Work instructions: Each line below should be retyped exactly, with no pictures.
───── Raw data
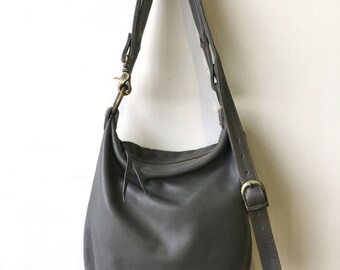 Slouchy Sanko Bag- Grey Leather Bag- Grey Crossbody Bag- Grey Leather Bucket Bag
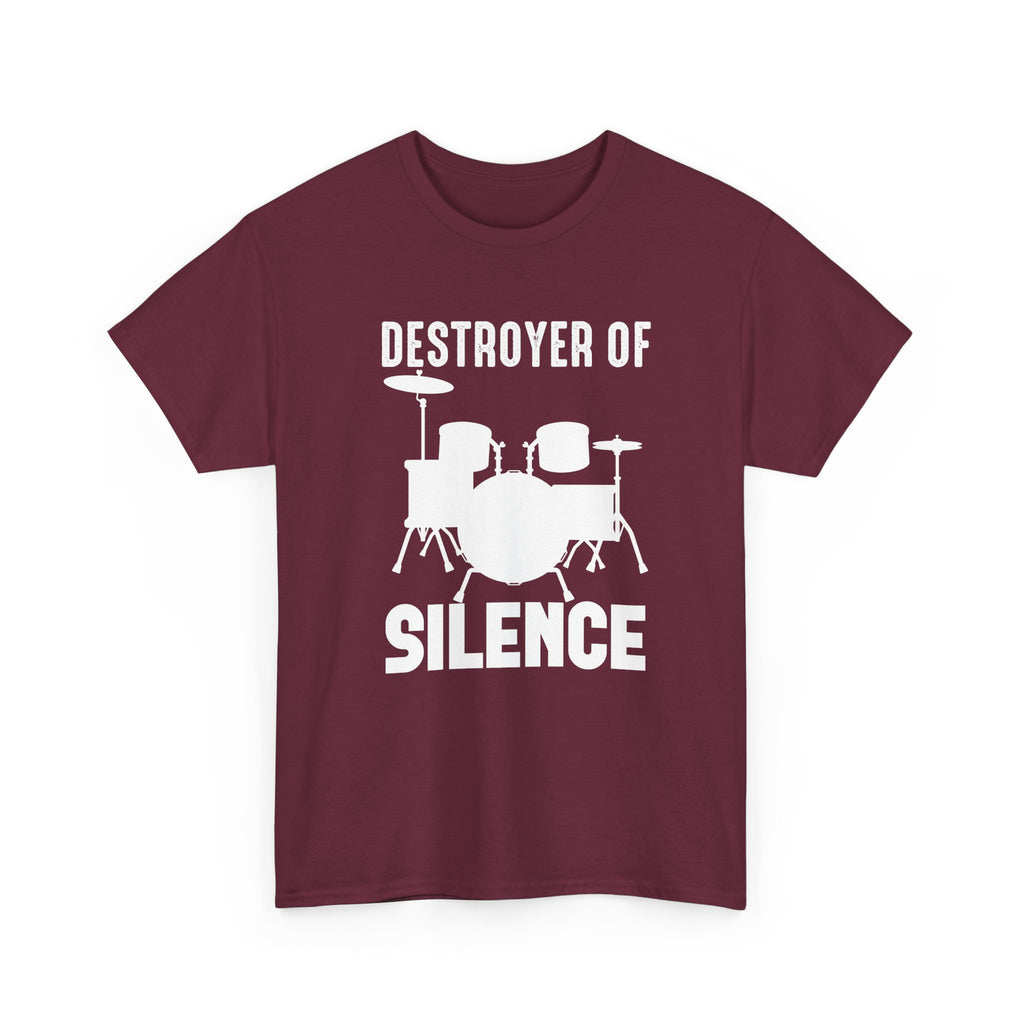 Drummer T-Shirt - Destroyer of Silence"- - Funny Drum Set Tee Shirt NEW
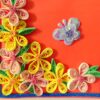 Beautiful Yellow And Pink Flowers On Red Greeting Card image Beautiful Yellow And Pink Flowers On Red Greeting Card image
──────────
Task solution:
 Slouchy Sanko Bag- Grey Leather Bag- Grey Crossbody Bag- Grey Leather Bucket Bag
 Drummer T-Shirt - Destroyer of Silence"- - Funny Drum Set Tee Shirt NEW
 Beautiful Yellow And Pink Flowers On Red Greeting Card image Beautiful Yellow And Pink Flowers On Red Greeting Card image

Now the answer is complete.